All records that follow are to be restated exactly.

○ ○ ○ ○ ○ ○ ○

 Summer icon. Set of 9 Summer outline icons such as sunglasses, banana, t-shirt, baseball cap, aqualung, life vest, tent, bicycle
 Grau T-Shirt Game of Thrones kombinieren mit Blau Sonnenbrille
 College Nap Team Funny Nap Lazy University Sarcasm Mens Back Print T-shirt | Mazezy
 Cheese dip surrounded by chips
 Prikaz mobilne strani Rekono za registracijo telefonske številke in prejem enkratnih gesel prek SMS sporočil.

○ ○ ○ ○ ○ ○ ○

OUTPUT OF THE EXERCISE →
 Summer icon. Set of 9 Summer outline icons such as sunglasses, banana, t-shirt, baseball cap, aqualung, life vest, tent, bicycle
 Grau T-Shirt Game of Thrones kombinieren mit Blau Sonnenbrille
 College Nap Team Funny Nap Lazy University Sarcasm Mens Back Print T-shirt | Mazezy
 Cheese dip surrounded by chips
 Prikaz mobilne strani Rekono za registracijo telefonske številke in prejem enkratnih gesel prek SMS sporočil.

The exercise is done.